Across Asia-Pacific (APAC), regulators are opening up their markets to new entrants that promise to transform the traditional banking model. By leveraging digital platforms and cutting-edge technologies, virtual banks aim to offer more affordable and convenient banking services, and reach the un-banked and traditionally underserved markets.
But as virtual banks are poised to transform the banking sector, their arrival is also introducing new risks related to cybersecurity and identity fraud, according to a new report by Jumio, an online payments and identity verification company.
Similarly, the Jumio report notes that 78% of APAC banks claim that the introduction of real-time payments platforms in their country has resulted in increased fraud losses, with social engineering named by two in five banks as the top form of attack by fraudsters. These figures call for additional identity and authentication technologies, the report says.
Cybersecurity risks and fraud on the rise
In a report titled How eKYC is Streamlining Digital Banking: An Asia-Pacific Perspective, the company delves into the need for companies in the financial services industry to adapt to the evolving landscape and adopt modern digital know-your-customer (eKYC), anti-money laundering (AML) and identity verification technologies.

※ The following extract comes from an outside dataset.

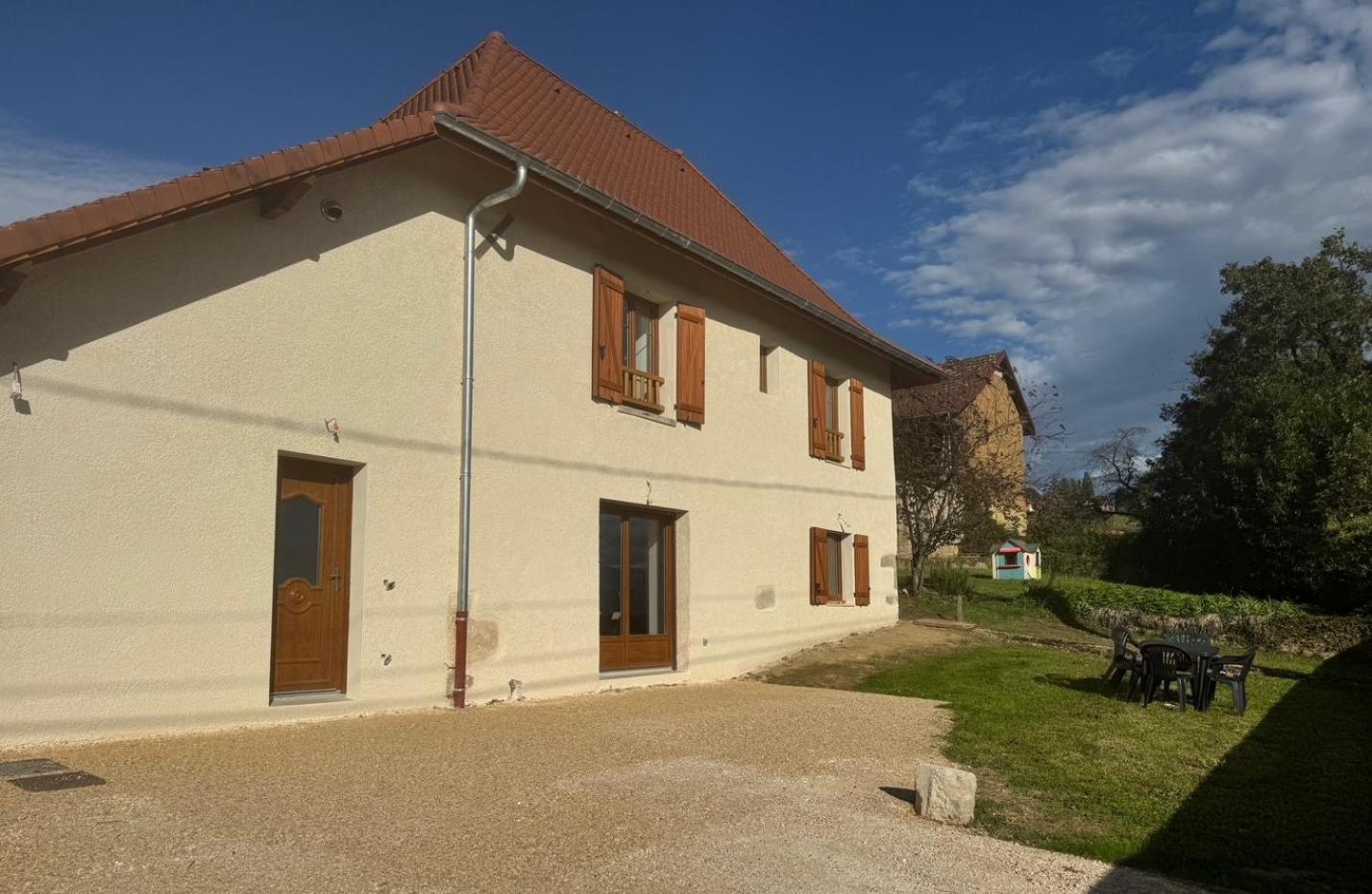 Maison Leonora Saint-Genix-sur-Guiers Exteriér fotografie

According to the report, adopting such solutions will not only allow them to respond to the new risks arising from digital solutions, such as online identity fraud and account takeovers, but will also allow them to meet customers’ demand for a seamless onboarding experience.
In April 2019, Experian, a leading information services company, released its 2019 Global Identity and Fraud Report which found that 50% of businesses in APAC had seen an increase in fraud losses over the past 12 months from account originations and account takeovers. 67% of businesses reported an increased concern for fraud losses since 2018.
UX versus compliance
The need to adopt smart and efficient eKYC solutions is even more critical for virtual banks which operate solely digitally. These solutions allow them to provide customers with a seamless onboarding experience and reduce paper-based procedures and time spent on administration. They can also reduce the costs of and time spent on verification, making it more profitable for organizations, the report says.
Integrating such solutions helps banks differentiate themselves and enables them to tap into different customer segments and markets, and most particularly the unbanked populations.
But while banks and fintechs must ensure that customers have a smooth digital onboarding experience, they must also ensure KYC and AML compliance with local and regional laws, a daunting, expensive and time-consumer task.